In despair, we called a couple of young men who advertised in the paper that they would Rototill gardens. They called several times, declining to come when the soil was wet on the basis that it would all compact. Finally, they arrived with their peat moss, Rototiller and hope. They positioned themselves, started the tiller - and nothing happened. It just stood there.The men, first muttered politely, then louder, their words and their voices increasing in strength. And nothing happened.
At last, taking turns, they got the tiller to go a few feet, hitting rocks every 6 inches. The rocks flew everywhere - crashing against the tiller, imperiling the workers, and landing in new positions in the garden. After a brief time, the Rototiller men declined to go further, and took the position that we owed them the entire agreed upon price since it was obvious the rock was all our fault, and who knows that dire damage had been done to their tiller.
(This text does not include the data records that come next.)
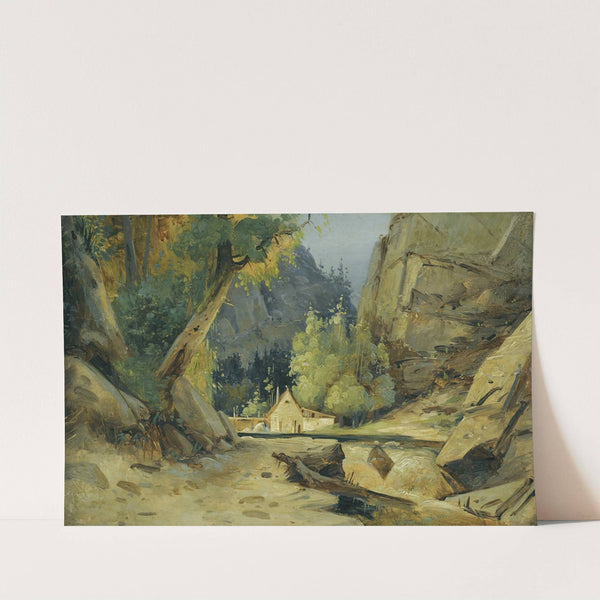 Mill In A Valley by Carl Blechen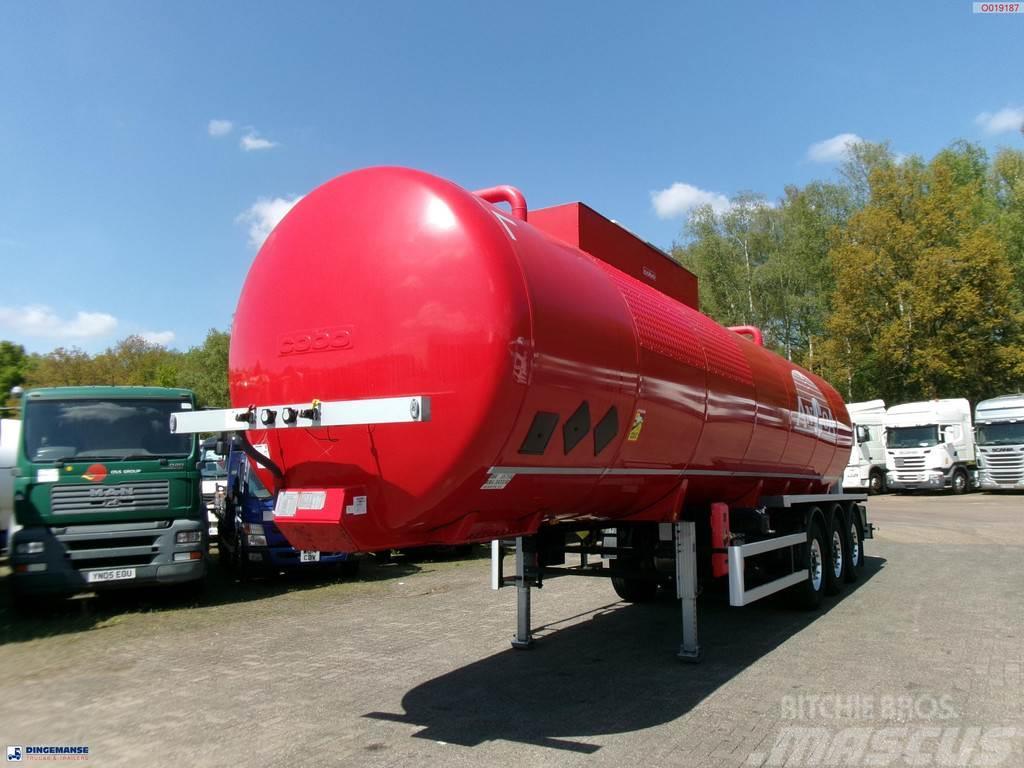 Cobo Bitumen tank inox 34 m3 / 1 comp Tankopleggers
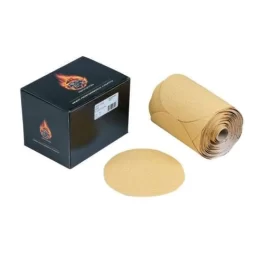6 In 400Grit Gold PSA Sanding Disc, Roll Of 100, High Teck (6400)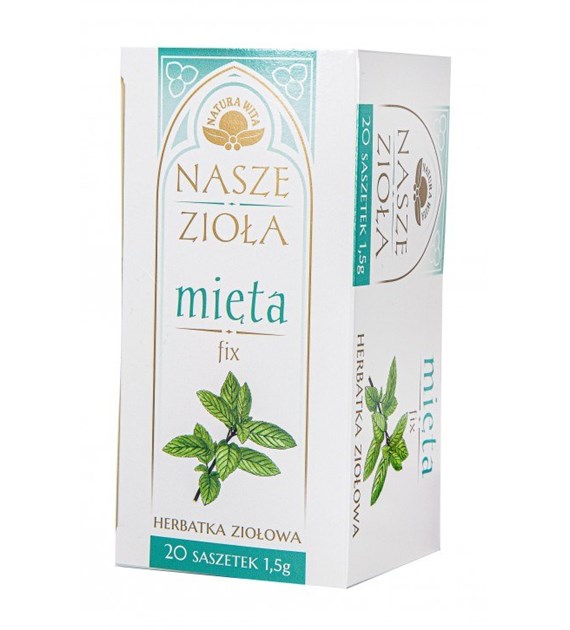NATUR-VIT Herbatka ekspresowa Mięta fix 20*1,5g=30g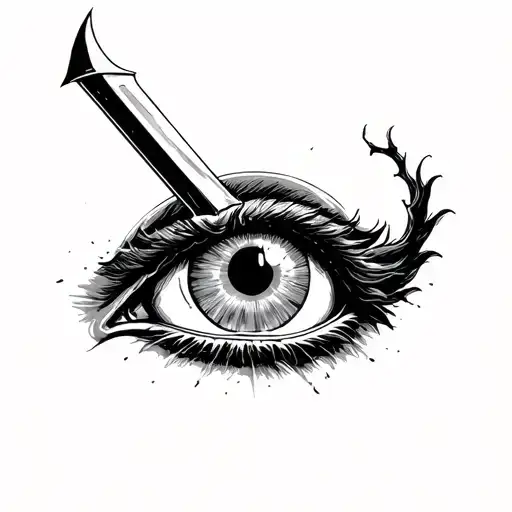 Odysseus Stabs Cyclops' Eye Out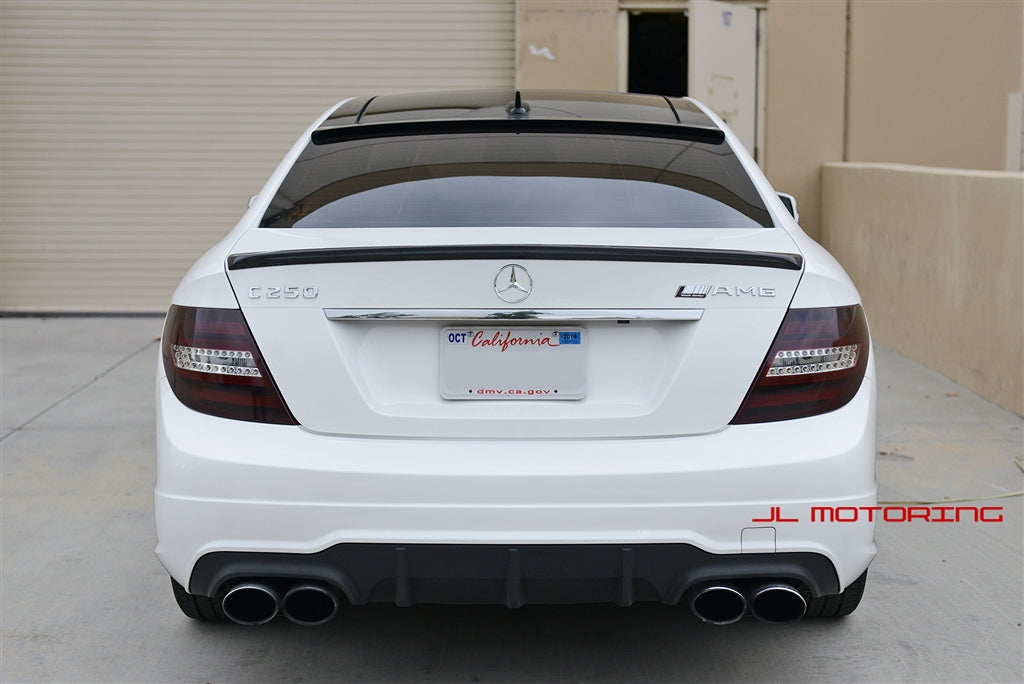 Mercedes Benz W204 C Coupe AMG Style Carbon Fiber Trunk Spoiler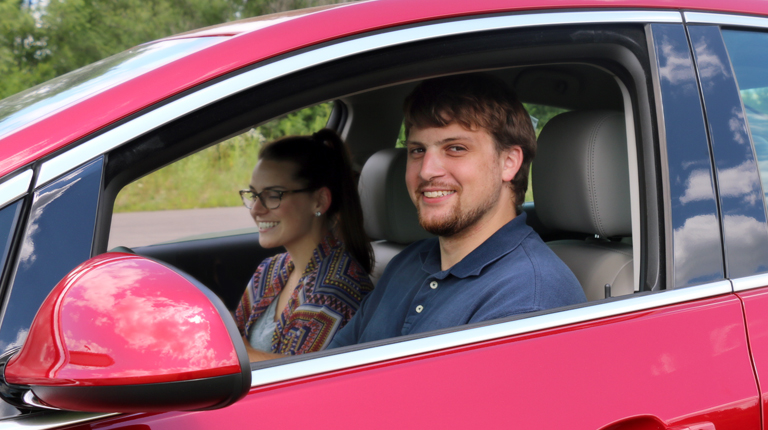 Image of man in car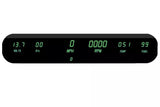 INTELLITRONIX DP10002G LED Digital Six Gauge Panel Kit w/Green LED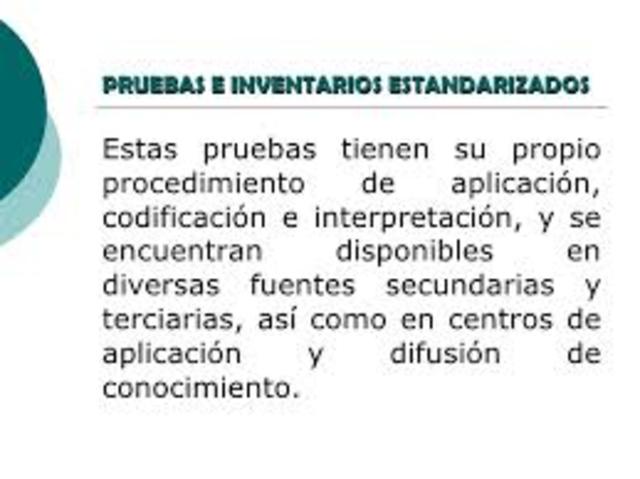 Pruebas estandarizadas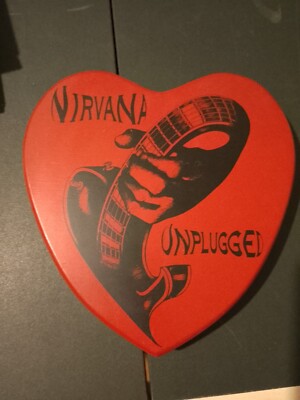 Nirvana Heart Shaped Box Unplugged CD In Holzbox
That year the garden (ha!) stayed as it was, in its barren, scorched earth condition. It might have been rented out to movie people in need of a Vietnam set. Whenever it rained, though, the garden became an impenetrable quicksand bog.
Remember the Labor Day of the Gully Gusher? We'd invited a large group - parents and children - to daughter Camille's birthday party.An hour before they arrived there were 6, no 7 inches of water in the basement. All available hands were down there bailing. Sofas floated across the floor. Magazines and newspapers sunk with a gulp and a bubble. The antique (1850) square grand sat helplessly, her pedals and lyre like some submerged treasure. Unplugging the light fixtures and the television set was reason for terror - the person doing it expected any moment to be electrocuted, despite rubber gloves and soles.
In the midst of the 20 maids with 20 mops, a telephone call came from the neighbor on the low side, who represented an Oriental temple. "Please, make your mud quit washing into our garden. It is not nice for our flowers," she said. "Dear Lady," I replied. "The only thing I can do is to suggest you pray to the Good Lord to make the rain stop." All right," she said. And in a few minutes there was a great pounding of the temple drums. In 15 minutes, the rain stopped.
The next summer, my husband decided we should work like Middle Easterns peasants, who are alleged to farm rocky soil. So he built a sieve - a square box bottomed with wire. We took turns digging soil, shaking it in the sieve and dumping the rocks down the side. We managed to make two vegetable boxes that way. One has been quite successful for the strawberries.
Last year, we found an older, braver Rototiller man with nerves and tiller of steel. He plowed the rest for us, and we planted tomatoes, jalapano peppers, corn and spaghetti squash. The poor plants struggled as best they could, but the results were so dreadful looking that even the birds and the squirrels turned up their noses at them. Only the bees and the flies seemed pleased.
This year, we agreed, we weren't gardeners. We'd let it go. But suddenly, the garden (ha!) had ideas of its own-producing an immense crop of rare and exotic weeds, probably from rock seeds. It became a terrifying jungle. The daughters refused to mow it for fear of tigers. We imported professional mowers - they declined for fear of ruining their mowers.
Finally, with vast sums of money, we enticed a splendid gardener, a high-school lad, to mow the lawn - including the garden. He first cut it down with a machete, fearless in the face of the wild life that could be lurking below. Then he mowed it. And a stone sprung up from the ground and shattered the patio door. It cost $153.50 to replace.
For next summer, my husband has The Final Solution. He's going to dig up the entire mess and make a lily-pond. And have the dirt hauled away.